В это время у меня в дневнике появилось больше записей про всякие международные дела. В предыдущие месяцы я, сосредоточенный на занятиях и разных своих проблемах, про политику мало записывал. Не записал даже о том, что мой любимый Маленков перестал быть Председателем Совета министров и на его место был назначен Булганин. А Маленков стал министром электростанций. Все более становилось понятным, что власть сосредотачивается в руках Хрущева.

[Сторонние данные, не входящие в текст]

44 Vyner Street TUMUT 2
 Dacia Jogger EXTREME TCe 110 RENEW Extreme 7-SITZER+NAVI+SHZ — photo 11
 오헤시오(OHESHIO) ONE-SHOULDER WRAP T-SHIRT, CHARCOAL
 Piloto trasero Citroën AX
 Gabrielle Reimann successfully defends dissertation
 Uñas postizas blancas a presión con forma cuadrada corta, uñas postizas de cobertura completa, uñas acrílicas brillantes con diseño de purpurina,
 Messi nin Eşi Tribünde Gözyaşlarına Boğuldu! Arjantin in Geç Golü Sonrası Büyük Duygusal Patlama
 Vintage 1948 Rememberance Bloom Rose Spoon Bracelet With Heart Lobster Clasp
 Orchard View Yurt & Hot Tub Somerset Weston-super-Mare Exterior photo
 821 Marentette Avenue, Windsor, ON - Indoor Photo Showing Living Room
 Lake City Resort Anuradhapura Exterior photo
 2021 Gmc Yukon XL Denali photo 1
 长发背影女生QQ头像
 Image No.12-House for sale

В июне я записал, что видел приезжавшего в университет Неру, премьер-министра Индии, который посетил СССР вместе со своей дочерью Индирой Ганди. Позднее, осенью, Хрущев вместе с Булганиным ездили в Индию с ответным визитом. Они в это время все время ездили вместе. Появились разные анекдоты, в которых они фигурировали как «два туриста». А вместе они ездили потому, что Хрущев тогда не имел никаких официальных правительственных должностей, так что Булганин был нужен в качестве формального главы правительства для встреч с главами других государств. Но все уже понимали, что фактически главой СССР становится Хрущев. Мне вся эта международная активность Хрущева нравилась, особенно укрепление связей с Индией и другими азиатскими странами. Я в этой нашей открытости миру видел шаги в направлении мировой победы социализма и коммунизма. Все лидеры иностранных государств, посещавшие Москву, непременно приезжали и к нам в университет, и я многих из них видел. Большую симпатию у москвичей вызвал приезжавший в Москву несколько позже шахиншах Ирана Мохаммед Реза Пехлеви и особенно шахиня Сорайя. Но вот к поездке Хрущева и Булганина в Югославию, которая состоялась еще в мае 1955 года и завершилась братанием с Тито, я отнесся настороженно. Я привык считать, что Тито изменил делу интернационализма, и не хотел ему этого прощать. Позднее, уже в июле, Хрущев и Булганин ездили в Женеву на первую после окончания войны и Потсдамской конференции 1945 года встречу глав четырех великих держав – СССР, США, Великобритании и Франции. Официальным главой советской делегации снова был Булганин, а в США в это время президентом был Эйзенхауэр. Никаких существенных результатов это совещание не принесло, но все же это был заметный шаг к ослаблению напряженности в мире. Возник термин «дух Женевы» как символ стремления к сотрудничеству, к решению споров мирным путем. Правда, употреблялся он в основном при желании упрекнуть противоположную сторону в нарушении этого духа.